Eric Alterman argues that we have steadily accepted an impoverished liberalism.
“Cultural liberalism,” Alterman says, is ascendant, while “economic liberalism” wanes. He gives a practical and a historical reason for this. The practical reason is that cultural liberalism is easier to support; it doesn’t raise taxes. The historical reason is more complicated.
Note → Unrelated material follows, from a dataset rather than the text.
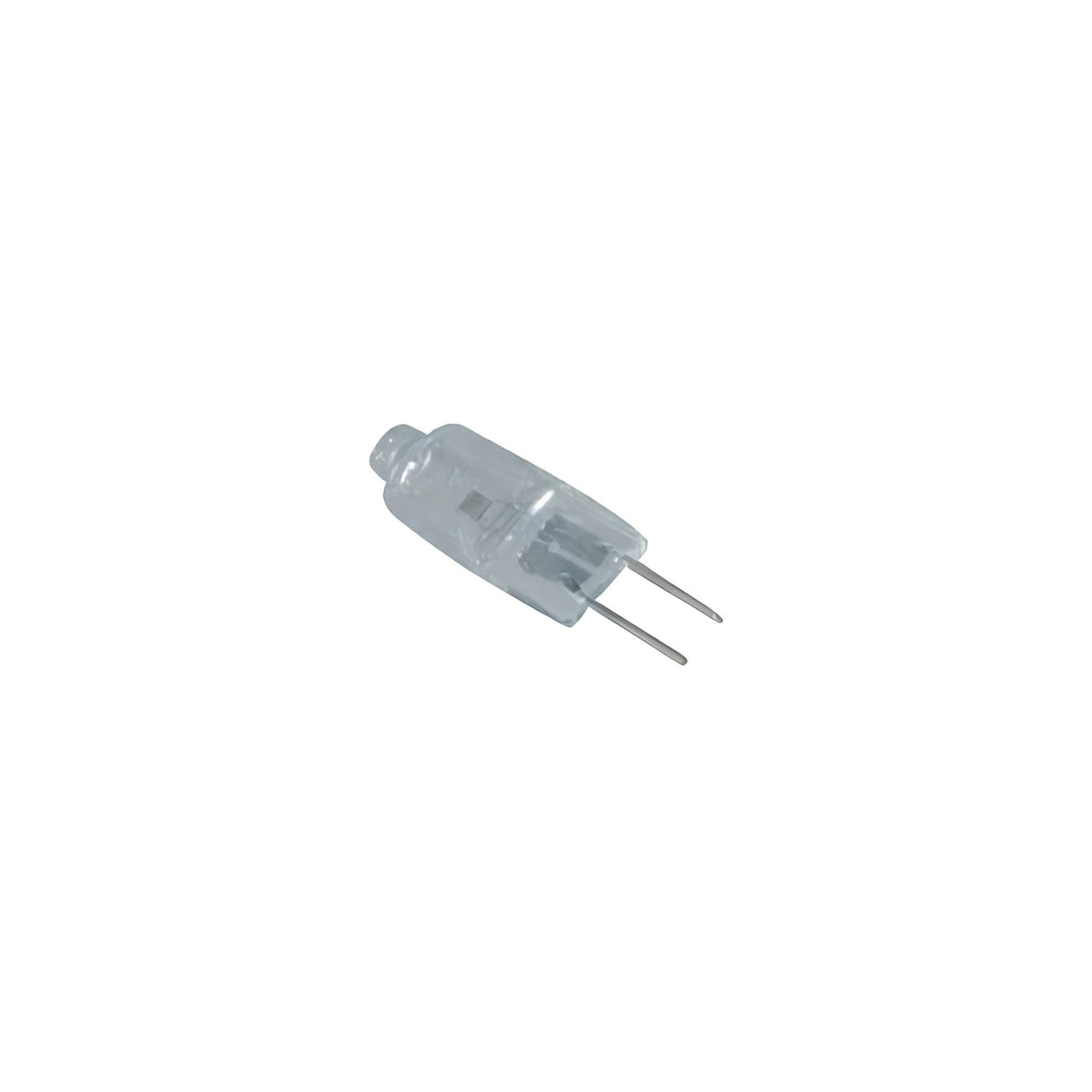 Ersatzbirne Halogen z. SBM LM 770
The story Alterman tells is one that historians have been elaborating in important works over the past few years. The abridged version is that while liberals had plenty to say about social justice in the 1960s, they had few answers to economic failure in the 1970s. That’s because the liberalism of the mid-twentieth century was, to a large degree, what historians have labeled “growth liberalism” – a social and political agenda that presumed an expanding economy and near-limitless resources to apply to all of the issues that the New Deal had neglected: racial equality, feminism, environmentalism, education, and cultural enrichment. Lyndon Johnson declared that the United States would end poverty and move beyond simple economic concerns to achieve what he called his “Great Society.”
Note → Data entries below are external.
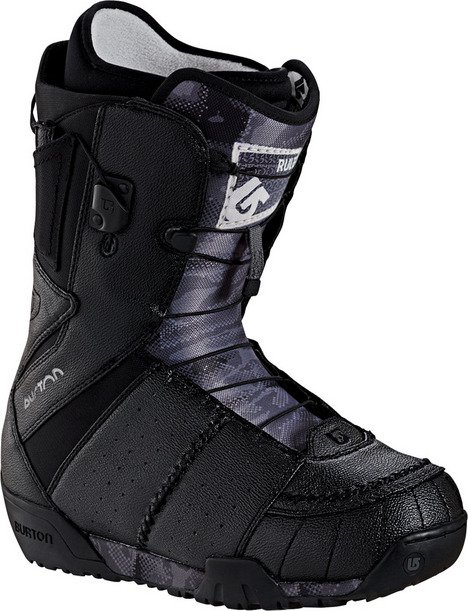 Milyen snowboardot vegyünk ? - STYLENEWS - Fesztelen mindennapok - alpok, élen, felszereléshez, freecarve, freeride, karcolásra, komfortosabb, pályán, snowboard, szempontok, vásárlási, 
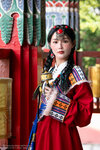 5008 ShanShan 020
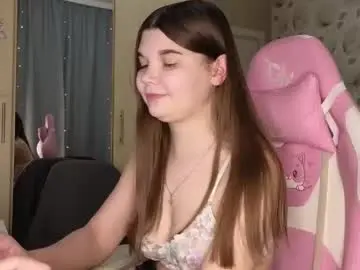 Chaturbate Private Sex Chat of _cute_ice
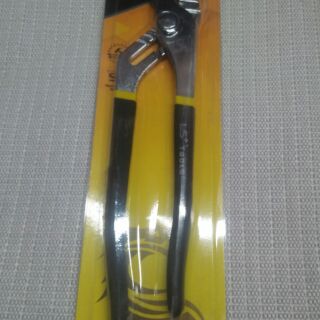 KÌM MỎ QUẠ 10'', 12''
That never happened. Instead, the economy slowed to a crawl while unemployment and prices remained high, defying economic orthodoxy and leaving Keynesians with little to offer. Republicans stepped into the space created by liberal silence and proposed their own plan: supply-side economics. Ronald Reagan won the White House in 1980, and conservatives have dominated economic discussions since. Liberals, cowed by voters’ embrace of Reaganism, turned to the cultural issues that remained largely their turf.
There are several ways to take this story. Alterman’s is the glass-half-empty read. David Courtwright’s is the glass-half-full: Republicans have achieved certain economic victories in what remains a basically liberal electorate. I agree with Alterman. A liberalism that achieves all of the social and environmental goals of the 1960s and yet allows an increasingly economically stratified society is a failed liberalism. It’s the sort of liberalism that believes in abortion rights, gay marriage, and social justice but opposes government interference in the marketplace and resents paying taxes – a West-Coast libertarianism that Fred Turner documents in From Counterculture to Cyberculture. For a hint of what that sort of liberalism might entail, consider the consequences of welfare reform.
Granted, these things cannot be entirely teased apart; social and economic justice are woven together. But the Democratic Party has managed, generally, to emphasize the former while glossing over the latter. If Obama wins a second term this will be at the center of liberals’ ongoing attempts to reassert and redefine their ideology.